The Neurology and NeuroSurgery Interest Group (NANSIG) is the largest interest group in the United Kingdom. NANSIG has aimed to minimize the disruption to medical students and junior doctors, while encouraging social distancing. As such, it has moved its educational and advocacy activities online. Online learning approaches can be a versatile way to keep medical students engaged in their learning. The NANSIG website, with its associated YouTube channel and Instagram account, has regularly uploaded new videos and infographics on neurosurgery. In addition, NANSIG is releasing interactive weekly case studies for students to discuss and formulate ideas over social media. This is being supplemented by the production of a series of podcasts looking at the effects of COVID-19 on neurosurgical services. These podcasts will form the basis of NANSIG’s latest initiative: a bank of video interviews with neurosurgeons about their day-to-day lives. This should allow students to appreciate the diversity within neurosurgery globally and promote engagement to create more opportunities for equity.

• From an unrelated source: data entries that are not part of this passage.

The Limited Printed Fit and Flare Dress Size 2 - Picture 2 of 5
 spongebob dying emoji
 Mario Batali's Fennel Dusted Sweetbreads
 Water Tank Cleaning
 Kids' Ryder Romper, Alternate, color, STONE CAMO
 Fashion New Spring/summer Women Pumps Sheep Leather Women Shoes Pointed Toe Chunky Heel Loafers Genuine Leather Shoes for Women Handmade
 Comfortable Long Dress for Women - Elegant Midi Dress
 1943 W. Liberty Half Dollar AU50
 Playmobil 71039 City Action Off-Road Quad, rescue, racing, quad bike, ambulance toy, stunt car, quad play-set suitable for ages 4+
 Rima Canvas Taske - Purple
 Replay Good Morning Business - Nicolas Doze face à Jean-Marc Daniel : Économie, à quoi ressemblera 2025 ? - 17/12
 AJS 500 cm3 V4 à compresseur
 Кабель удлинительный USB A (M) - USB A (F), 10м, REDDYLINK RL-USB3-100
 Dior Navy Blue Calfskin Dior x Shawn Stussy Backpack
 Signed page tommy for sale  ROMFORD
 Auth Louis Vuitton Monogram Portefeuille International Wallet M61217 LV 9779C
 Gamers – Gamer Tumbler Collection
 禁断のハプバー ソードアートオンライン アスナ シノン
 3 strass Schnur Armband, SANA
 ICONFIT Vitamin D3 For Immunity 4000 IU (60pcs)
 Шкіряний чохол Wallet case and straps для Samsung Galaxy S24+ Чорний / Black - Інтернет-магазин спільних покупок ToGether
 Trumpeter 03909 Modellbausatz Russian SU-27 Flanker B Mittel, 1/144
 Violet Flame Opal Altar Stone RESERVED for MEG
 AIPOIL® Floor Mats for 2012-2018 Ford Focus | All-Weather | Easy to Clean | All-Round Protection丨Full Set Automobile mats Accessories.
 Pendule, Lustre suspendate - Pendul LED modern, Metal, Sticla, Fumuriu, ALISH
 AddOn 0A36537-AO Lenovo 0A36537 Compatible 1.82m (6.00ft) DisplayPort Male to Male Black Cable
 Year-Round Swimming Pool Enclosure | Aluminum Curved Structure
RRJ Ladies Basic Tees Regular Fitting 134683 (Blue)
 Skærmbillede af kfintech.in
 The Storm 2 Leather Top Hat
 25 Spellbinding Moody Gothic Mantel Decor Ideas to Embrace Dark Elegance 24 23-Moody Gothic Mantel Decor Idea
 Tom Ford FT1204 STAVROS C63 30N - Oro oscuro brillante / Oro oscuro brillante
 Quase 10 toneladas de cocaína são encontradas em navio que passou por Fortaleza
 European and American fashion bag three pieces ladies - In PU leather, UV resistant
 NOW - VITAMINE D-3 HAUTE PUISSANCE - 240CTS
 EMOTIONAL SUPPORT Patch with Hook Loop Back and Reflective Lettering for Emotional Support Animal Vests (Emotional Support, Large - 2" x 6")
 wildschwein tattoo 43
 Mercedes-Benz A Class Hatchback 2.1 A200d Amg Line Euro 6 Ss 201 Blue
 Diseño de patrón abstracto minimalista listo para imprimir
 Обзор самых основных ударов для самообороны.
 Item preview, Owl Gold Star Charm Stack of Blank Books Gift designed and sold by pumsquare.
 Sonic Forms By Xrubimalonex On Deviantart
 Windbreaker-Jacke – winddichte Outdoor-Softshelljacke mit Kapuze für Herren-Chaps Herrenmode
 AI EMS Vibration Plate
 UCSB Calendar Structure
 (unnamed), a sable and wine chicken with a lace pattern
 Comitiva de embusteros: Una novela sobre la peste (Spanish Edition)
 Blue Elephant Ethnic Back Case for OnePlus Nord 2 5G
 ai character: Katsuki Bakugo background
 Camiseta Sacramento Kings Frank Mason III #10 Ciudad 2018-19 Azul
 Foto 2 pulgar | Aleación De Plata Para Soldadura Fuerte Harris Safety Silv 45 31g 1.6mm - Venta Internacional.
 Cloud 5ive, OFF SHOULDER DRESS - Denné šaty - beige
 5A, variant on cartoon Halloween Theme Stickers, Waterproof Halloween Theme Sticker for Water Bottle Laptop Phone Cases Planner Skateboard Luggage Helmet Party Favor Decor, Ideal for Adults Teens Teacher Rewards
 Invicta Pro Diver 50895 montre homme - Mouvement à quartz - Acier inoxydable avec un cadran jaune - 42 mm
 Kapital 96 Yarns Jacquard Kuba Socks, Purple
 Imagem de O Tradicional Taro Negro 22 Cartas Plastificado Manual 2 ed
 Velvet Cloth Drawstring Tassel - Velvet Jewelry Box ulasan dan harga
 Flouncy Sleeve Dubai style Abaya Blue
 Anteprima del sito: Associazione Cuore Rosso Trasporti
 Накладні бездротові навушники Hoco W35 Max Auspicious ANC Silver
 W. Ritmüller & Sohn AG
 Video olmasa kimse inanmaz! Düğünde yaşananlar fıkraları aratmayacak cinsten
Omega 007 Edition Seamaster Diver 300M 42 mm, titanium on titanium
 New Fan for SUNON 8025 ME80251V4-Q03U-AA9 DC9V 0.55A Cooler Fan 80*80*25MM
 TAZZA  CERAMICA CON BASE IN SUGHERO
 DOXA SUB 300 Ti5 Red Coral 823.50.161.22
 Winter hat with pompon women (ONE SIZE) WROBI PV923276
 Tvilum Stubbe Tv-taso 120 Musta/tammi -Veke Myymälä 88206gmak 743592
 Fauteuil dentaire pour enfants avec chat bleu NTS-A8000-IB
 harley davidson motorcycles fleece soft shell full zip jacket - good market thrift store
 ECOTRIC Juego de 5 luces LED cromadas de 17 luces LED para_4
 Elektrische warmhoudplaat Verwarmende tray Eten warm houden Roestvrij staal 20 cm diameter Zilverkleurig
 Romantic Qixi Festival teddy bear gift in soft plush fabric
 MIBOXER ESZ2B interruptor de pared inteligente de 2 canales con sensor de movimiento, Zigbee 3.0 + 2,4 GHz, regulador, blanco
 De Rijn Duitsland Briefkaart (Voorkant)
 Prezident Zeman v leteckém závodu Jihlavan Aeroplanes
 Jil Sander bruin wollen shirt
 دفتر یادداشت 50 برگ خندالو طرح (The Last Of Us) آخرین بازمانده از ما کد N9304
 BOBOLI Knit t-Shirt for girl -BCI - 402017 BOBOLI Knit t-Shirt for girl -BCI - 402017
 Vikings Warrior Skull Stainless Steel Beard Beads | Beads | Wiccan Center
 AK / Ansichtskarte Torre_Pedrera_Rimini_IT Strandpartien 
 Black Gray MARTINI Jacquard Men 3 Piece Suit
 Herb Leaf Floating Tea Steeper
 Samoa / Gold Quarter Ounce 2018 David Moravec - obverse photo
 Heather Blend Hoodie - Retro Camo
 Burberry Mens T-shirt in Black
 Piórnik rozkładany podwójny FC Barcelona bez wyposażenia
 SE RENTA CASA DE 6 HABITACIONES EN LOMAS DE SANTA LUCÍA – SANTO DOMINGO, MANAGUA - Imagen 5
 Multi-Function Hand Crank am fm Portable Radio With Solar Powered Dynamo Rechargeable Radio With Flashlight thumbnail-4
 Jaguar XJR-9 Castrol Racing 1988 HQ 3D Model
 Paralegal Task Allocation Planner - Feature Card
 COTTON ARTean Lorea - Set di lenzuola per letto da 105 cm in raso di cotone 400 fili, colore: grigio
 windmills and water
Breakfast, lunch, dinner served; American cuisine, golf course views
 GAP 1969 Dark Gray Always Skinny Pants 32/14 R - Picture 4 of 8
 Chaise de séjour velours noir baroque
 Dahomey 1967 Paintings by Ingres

For those interested in research, NANSIG is running monthly global neurosurgery journal clubs and invites any interested practicing neurosurgeon to participate. The group has also launched multiple collaborative research studies. We have also purposefully placed the deadline for our essay competition in late August, for those who have helped the nation on the front line during the first peak of the pandemic.
Figure: YouTube Channel - Neurology and NeuroSurgery Interest Group (NANSIG)
When COVID-19 quarantine began, the Global Surgery Student Alliance (GSSA) National Board decided to ramp up online programming to keep the global surgery pipeline strong. GSSA organized a series of webinars for its members. In the latest webinar, 80 participants from around the world gathered to learn about global neurosurgery efforts and career development from several North American neurosurgeons: Dr Gail Rosseau of George Washington University, Drs Sandi Lam Ann and Robert Luries of Children’s Hospital of Chicago, and Dr Roxanna Garcia, senior resident at Northwestern University. GSSA is distributing resources of upcoming neurosurgery webinars, inviting regional neurosurgeons to develop online learning opportunities, and plans to continue to offer virtual events to North American aspiring neurosurgeons.
The COVID-19 pandemic has changed the way we all live temporarily, but the long-term impact may create new avenues to engage young neurosurgeons in ways not previously possible. Aspiring neurosurgeons are adapting to difficult circumstances in a variety of ways and feel supported by neurosurgical residents and faculty all over the world. Neurosurgeons can volunteer as guest lecturers for the webinars organized by student interest groups, present their work via journal clubs, and create opportunities to conduct research remotely if there is need and interest. Another way neurosurgeons can help students is by sharing research, education, and training opportunities with student groups. Finally, mentorship has never been so valuable – practicing neurosurgeons can strengthen relationships for these passionate students and early career trainees.